Les taux longs ont vivement réagi dernièrement à l’amélioration de la conjoncture économique. La Fed juge que cette hausse de taux s’inscrit dans le scénario désiré de la reflation. Il n’y a pas lieu de modifier la politique monétaire. Tel sera le message du FOMC cette semaine. Tout le reste est affaire de surréaction des marchés et de volatilité. Un autre problème de volatilité va se poser d’ici peu, touchant cette fois les taux courts. Le Trésor est amené à réduire ses dépôts à la Fed, augmentant du même coup l’excès de réserves des banques. Le pilotage des taux courts est alors plus incertain. Il faudra ajuster la plomberie monétaire.

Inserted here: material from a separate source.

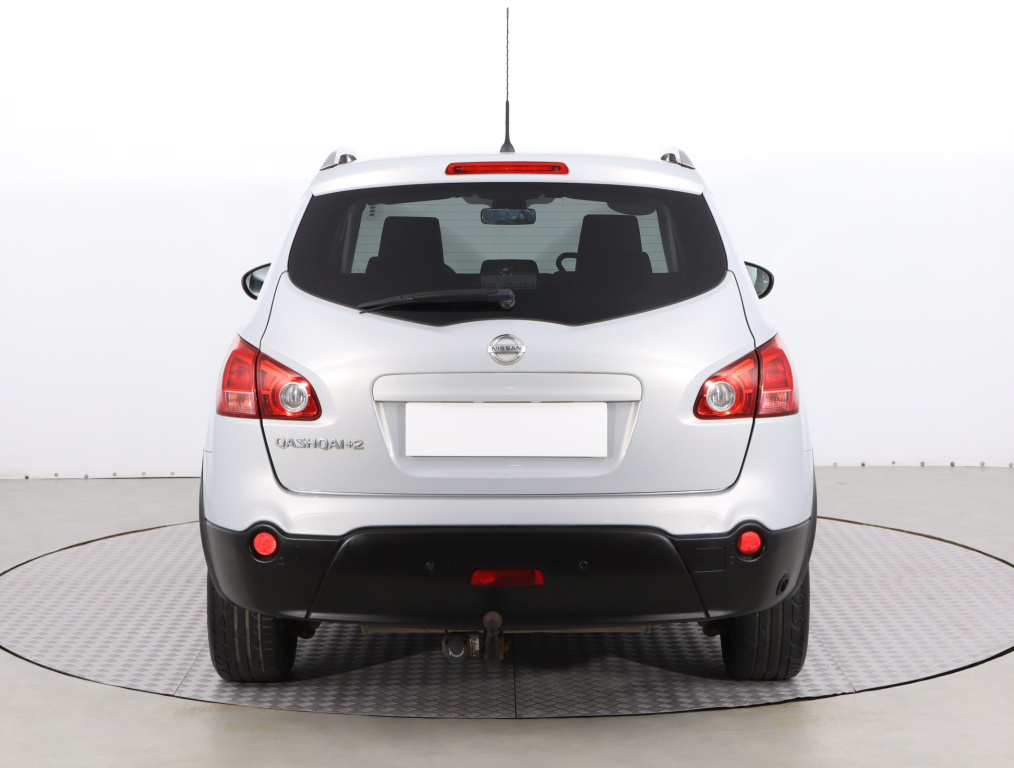 Nissan Qashqai+2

Focus US par Bruno Cavalier, Chef Economiste et Fabien Bossy, Economiste

 

US : compte du Trésor fédéral à la Fed

Au vu des déclarations émanant de la Fed, on ne voit pas le FOMC changer quoi que ce soit d’important à son analyse de l’économie et des marchés à l’issue de sa réunion du 17 mars. La reflation est en cours et la Fed n’a visiblement pas l’intention de réagir à la hausse des taux longs qui l’accompagne. Pour changer, on se penche ici sur les taux courts. Le marché monétaire où s’échange la liquidité au jour le jour est un rouage essentiel du système financier. Son bon fonctionnement dépend de la capacité de la Fed à piloter les taux courts sur le niveau du taux directeur, actuellement une marge de 0-0.25%. Si le marché des fonds fédéraux manque de liquidités, le taux court effectif peut s’envoler (épisode du « repocalypse » en 2019). Dans les prochaines semaines, à l’inverse, il y aura trop de liquidités. La raison tient au rôle que le Trésor joue sur le marché monétaire. Le Trésor a un compte unique à la Fed (TGA). L’an dernier, à titre de précaution, il avait été augmenté de 1200Md$. Cette précaution n’est plus nécessaire.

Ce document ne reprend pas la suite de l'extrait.